Perhaps it was jet lag. I’d recently returned from a long trip to the US and Canada with Vaughan. I was deep in Vend, which had quickly soaked up all my time. I was learning all over again the stamina that a high-growth startup demands. No doubt it was partly frustration. I hated to see what I perceived to be the worst bits of Silicon Valley startup culture popping up in New Zealand, without any of the associated things that make the original great. After trying (and mostly failing) to “be more American”, meeting with investors in the US had taught me the value of highlighting our own competitive advantages. A small part of it was probably envy. I knew a long list of other worthy startups that would have loved to get even a fraction of the public attention that the Lightning Lab was soaking up. But mostly I just hated that metaphor. It was awful to see the founders who had completed this programme put on a pedestal so early, and then encouraged to parade like strippers asking a room full of investors to throw money at them. And it was discouraging, as a potential investor, to be commoditised and reduced to the equivalent of a stack of hundred dollar bills. It all felt gross.
I posted a response where I suggested that the mentors who were advising founders to approach investors in this way were “naive and wrong”. One who (reasonably enough) took offence at that description was Dave Moskovitz. He snapped back in comments on the NZ Tech Startup Eco-system Facebook group:2
It’s easy for Rowan Simpson to take pot-shots from the sidelines. He has no idea how many people slogged their guts out, both out front and behind the scenes, how many people have backed this effort over a number of years, just to help everyone lift their game and improve the general environment for startups in Wellington and NZ. I’ll pay more attention to what he says when I see more evidence of unselfish behaviour on his part.

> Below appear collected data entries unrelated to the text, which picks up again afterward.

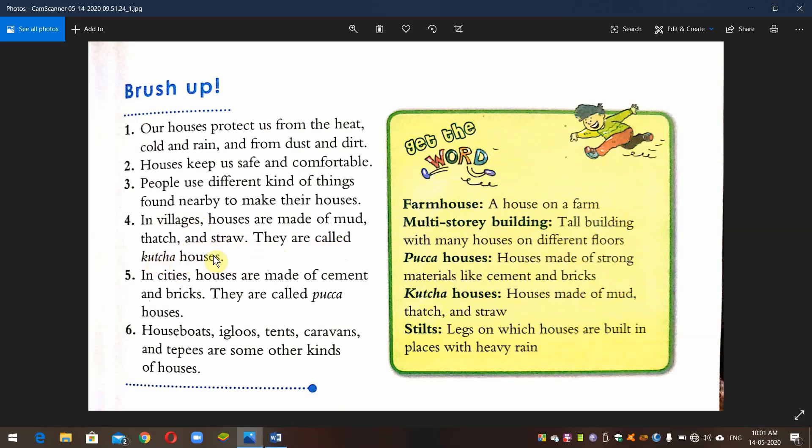These are called kacha bari in the local language. In cities, houses are made of cement and bricks. In the local language, these city houses made of cement are called paka houses, or paka bari.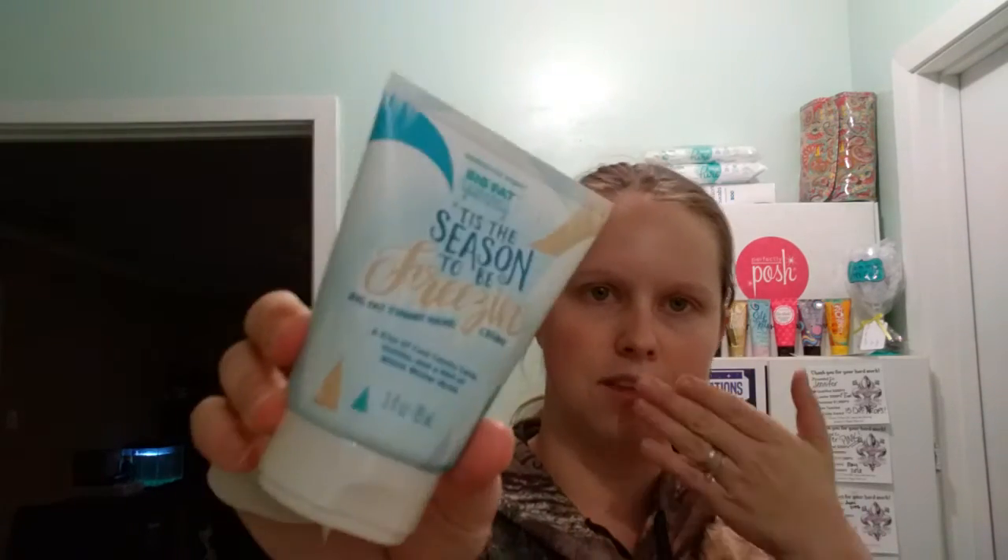We got a new Big Fat Yummy — I love Big Fat Yummies, they're great. So it's a kiss of cool candy cane, vanilla, and a hint of white winter musk. Let's see what this one smells like. I love this packaging. Oh, that was nice — it's definitely vanilla and very, very little peppermint.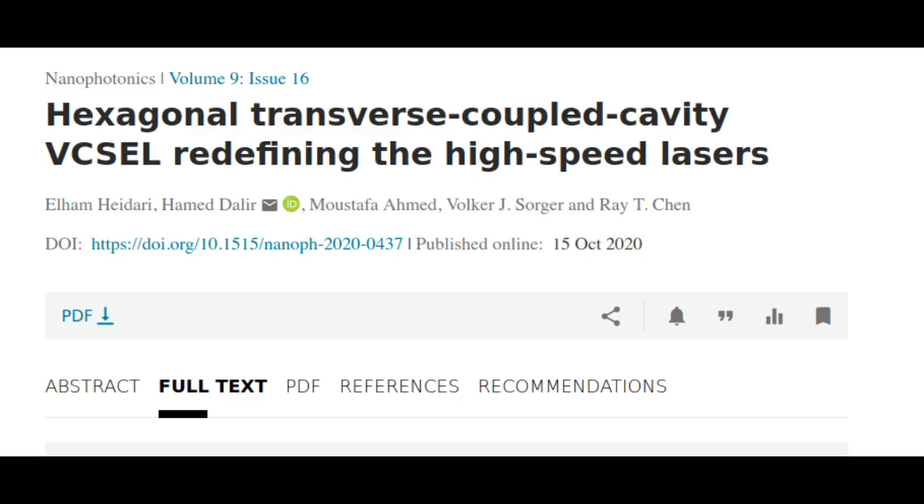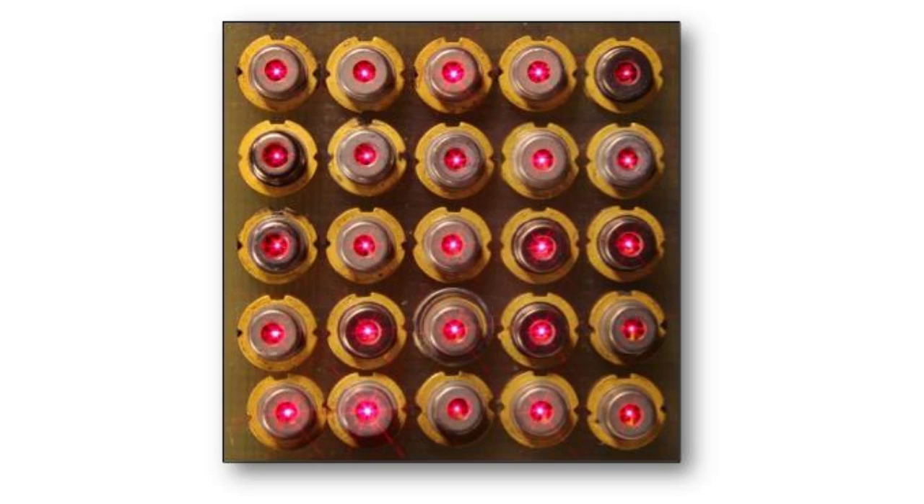Researchers at the George Washington University have developed a new design of Vertical-Cavity Surface-Emitting Laser that demonstrates record-fast temporal bandwidth. This was possible by combining multiple transverse-coupled cavities, which enhances the optical feedback of the laser.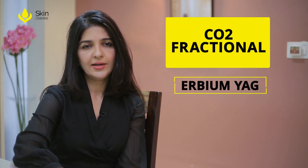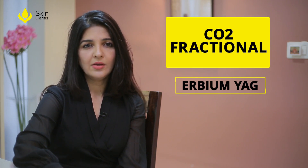Apart from topical and oral retinoids which help to decrease the visibility of open pores, there are certain treatments available at a dermatologist's office. There are a couple of lasers like CO2 fractional and erbium YAG laser which induce collagen remodeling, tighten the skin and help to reduce the size of open pores.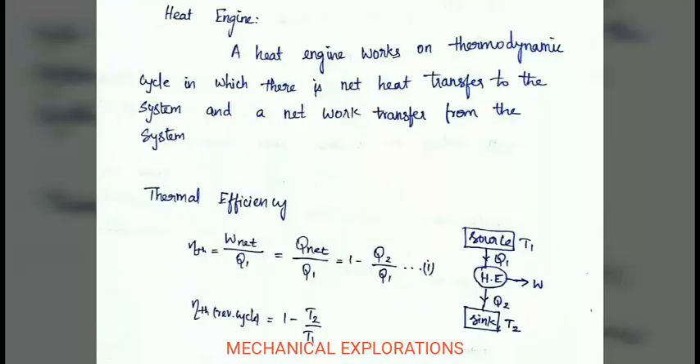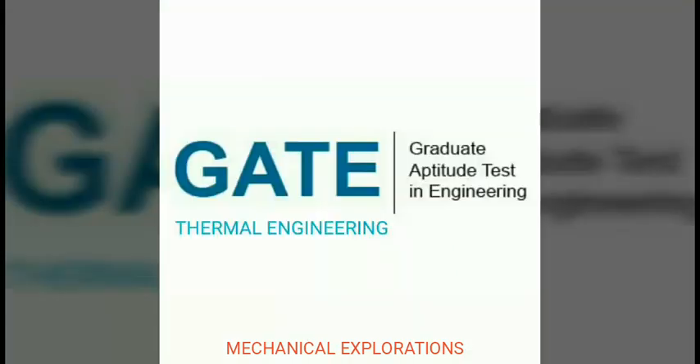What is a heat engine? A heat engine works on a thermodynamic cycle for which there is net heat transfer to the system and net work transfer from the system. As seen in the diagram, heat from the source is transferred to the heat engine, and work is taken from the heat engine to the sink. The thermal efficiency is given by 1 minus T2 divided by T1, which is useful for solving problems.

Ouch! While it stung to be branded a hater, it did force me to articulate specifically what I didn’t like about the efforts to “lift the general environment”. I was being dismissive, but he was wrong about my motivation. I was playing the ball, not the man. I was very aware of how much time and money he and many others had put in. I wasn’t trying to belittle that. I just didn’t think it was a good investment. My criticism wasn’t intended to drag anybody down, but rather to shine a spotlight on an alternative.
I’d decided to put all of my “selfish” energy into working with a small and carefully selected group of founders to quietly help them to grow their businesses. I wasn’t visible, apart from when I popped up to make seemingly critical comments like this, but the results have subsequently justified the conviction I had about the merits of my approach.